Thursday, November 8, 2007

Condo Spaces Are Small


Our family home in southern Oregon is a spacious, ranch-style with a lot of space. So we have had no experience with small spaces.


We learned in short order that the scale of everything needs to be smaller. Slender legs, non-bulky designs and no clutter. That means not an extra piece of furniture or whimsey to make it really work.

After visiting too many furniture stores and facing daunting choices, we engaged the services of a designer. Another lesson, that. Our first experience was not a satisfying one. The designer turned out to be more accurately a window-covering specialist - though she professed to deliver the whole nine yards. We paid her for an hour or two and parted company, after she revealed she couldn't draw and offered some suggestions that did not fit with our expectations. In retrospect, our interviewing process was flawed. Real interior designers have degrees in design, professional certification, and most can render their ideas in some sort of draft layout.

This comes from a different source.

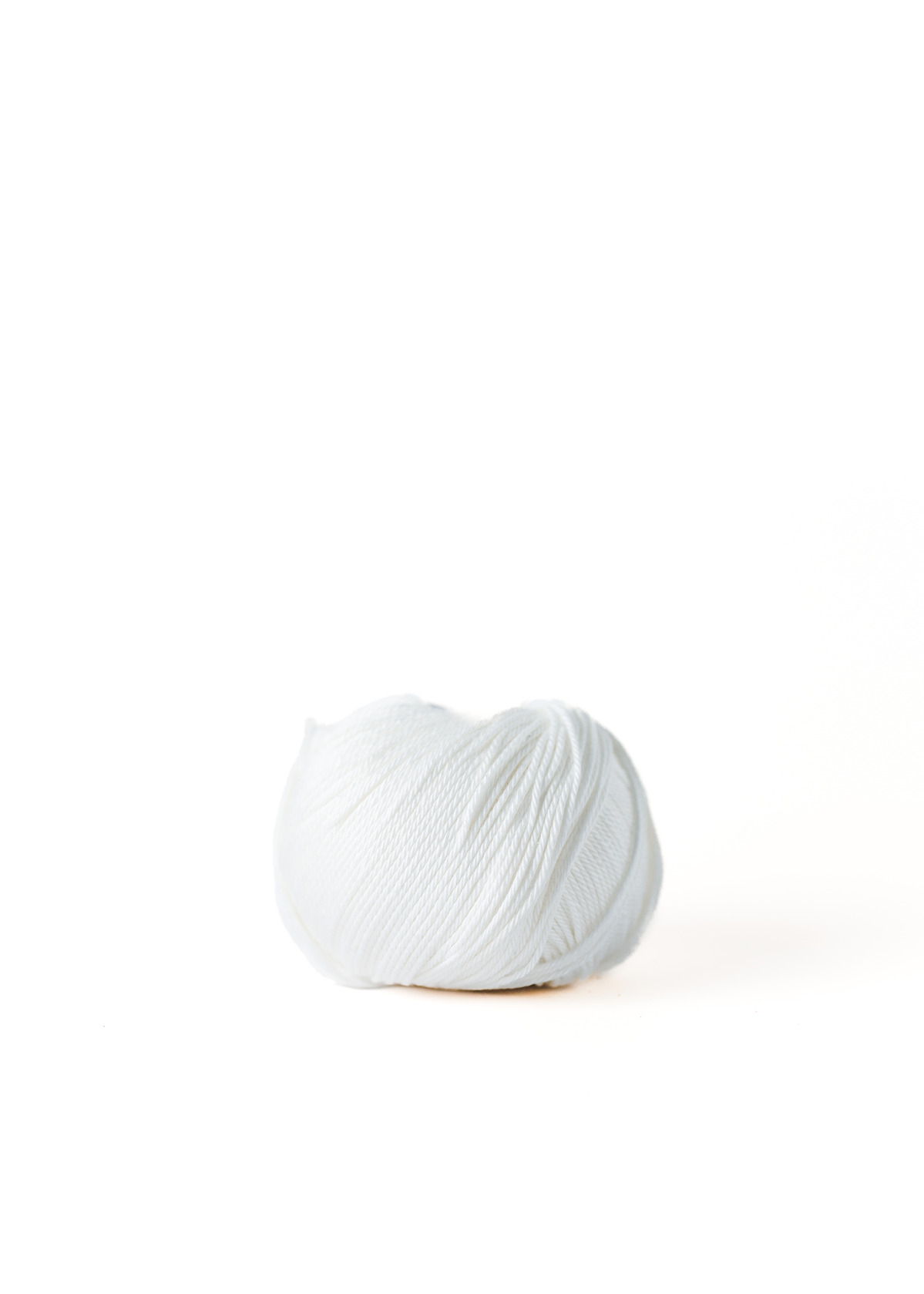 Нитки Wenus 3  50g (1500)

With that ephiphany, we went back to the data; did some more interviewing, and hired Amanda Klash & her partner Emma Davis at Montgomery Kalsh. We have developed a good relationship with these two professionals and our project is moving forward at long last. Amanda helped us select and order the appropriate window coverings, a woven-wood product, and her installer just got them up a few days ago. Working with Amanda, Emma designed a layout for the space, speced-out some furniture pieces and deisgned us a sectional for local manufacture when we couldn't find an appropriate retail product. We'll have that piece in about three weeks, with any luck at all.